Eric Veulliet, Managing Director of the Centre for Climate Change Adaptation Technologies (Alp-s) in Austria, told journalists at the Managing Alpine Future II conference, which ran from 21 to 23 November, that climate change will pose a “massive threat” to winter tourism, an important pillar of the Tyrolean economy.
“Snow is not known to tolerate much heat. Low-lying ski resorts had always feared for the future of the winter wonderland,” he said.
According to news reports, some ski resorts in the Austrian Alps have cancelled their season opening weekends because of a lack of snow, after the driest November since the 1920s.
Scenario-building conducted by neighbouring Switzerland warned of similar risks to Swiss tourism by 2030, because of “loss of attractiveness” due to reduced snow cover and a disappearing winter atmosphere in the Swiss Plateau.
The Swiss national tourism office, which published the report in 2008, said in addition to a decline in the next 20 years in the number of visitors interested in winter sports, the country would need greater investments to adapt to changing conditions, because of higher costs to protect against increasing natural hazards.

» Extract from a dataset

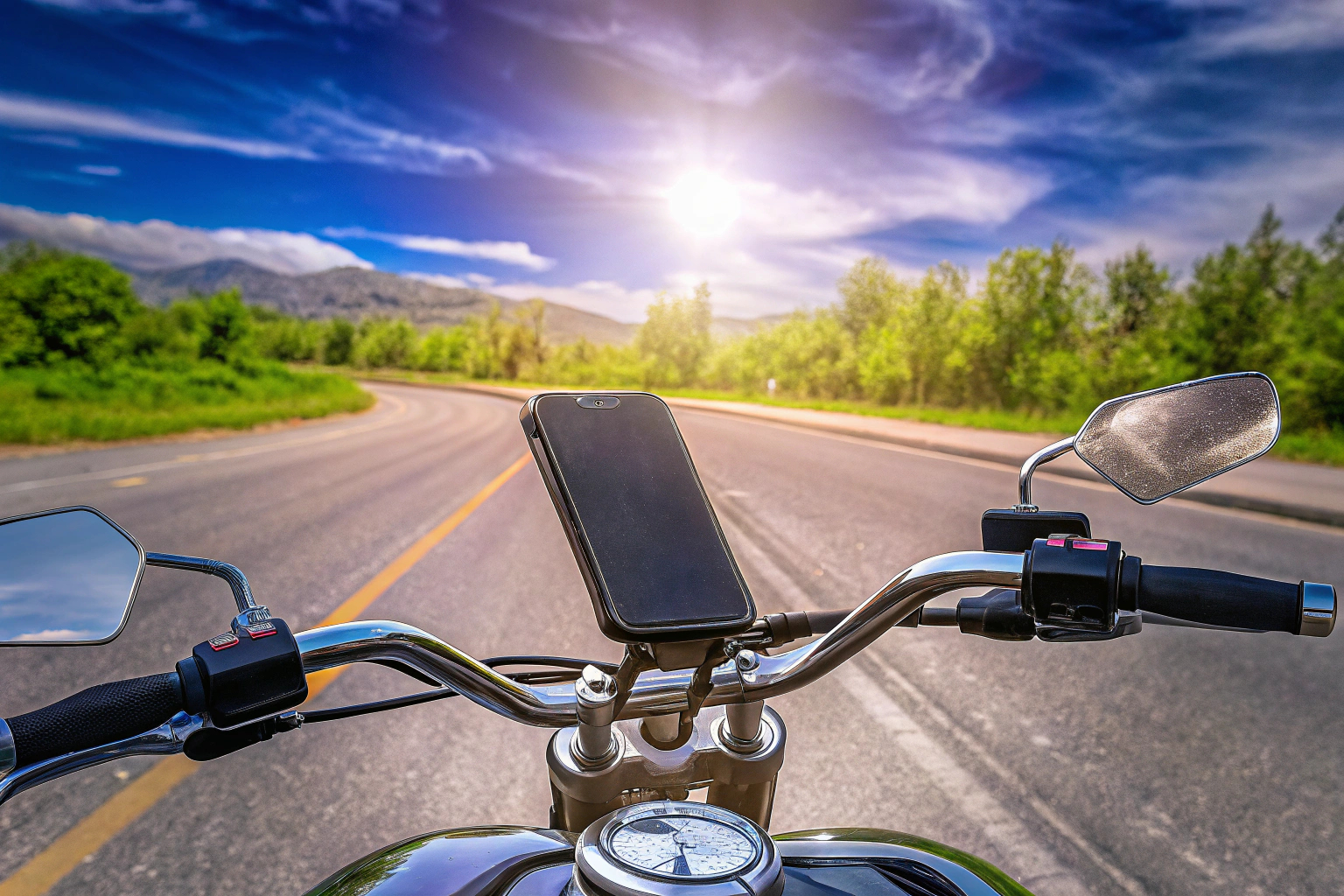 Motorradfahrer mit einer Shapeheart-Telefonhalterung auf einem sonnigen Highway. Motorradfahrer mit Shapeheart-Telefonhalterung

In the Austrian alps, the Centre run by Mr. Veulliet has held 200 workshops for local mayors and disaster management teams in the mountain province of Tyrol, producing detailed risk maps which are then distributed to emergency and risk managers. The maps show over 7,100 risk areas – spots exposed to dangers that range from rockfall and debris flow to avalanches and floods.
However, although community risk assessments have been compulsory in Austria since the 1970s, more needs to be done to translate policy into actual preparedness, local authorities say.
Andreas Kohler, Chief Risk Analyst at Alp-s, who is working to improve preparedness among local emergency management teams, said one challenge was that people were quick to forget the dangers, even after a big disaster.
Harking back to a massive flood over Tyrol in 2005, which caused millions of dollars in damage, Mr. Kohler said: “We try to make sure that they don’t forget. That’s why we say disaster risk reduction is a process.
At the Managing Alpine Future II conference, the UN office for disaster risk reduction (UNISDR) awarded the province of Tyrol, and the Tyrolean city of Lienz in particular, with special certificates for being role models in community-based risk assessment, management.
In turn, Anton Mattle, Mayor of the Tyrolean Village of Galtür, signed a certificate of commitment on behalf of the 278 remaining Tyrolean municipalities to support the UNISDR’s “Making Cities Resilient” campaign, which now includes over 1,000 cities and local governments worldwide.
“There will be many opportunities for Lienz and other communities in the Tyrol to share their experience and good practice, both nationally and internationally,” said Craig Duncan, Senior Coordinator at UNISDR, who oversaw the signing ceremony. “We see at as an opportunity for the cities and communities of both Tyrol and Austria to create a legacy of leadership in this area.”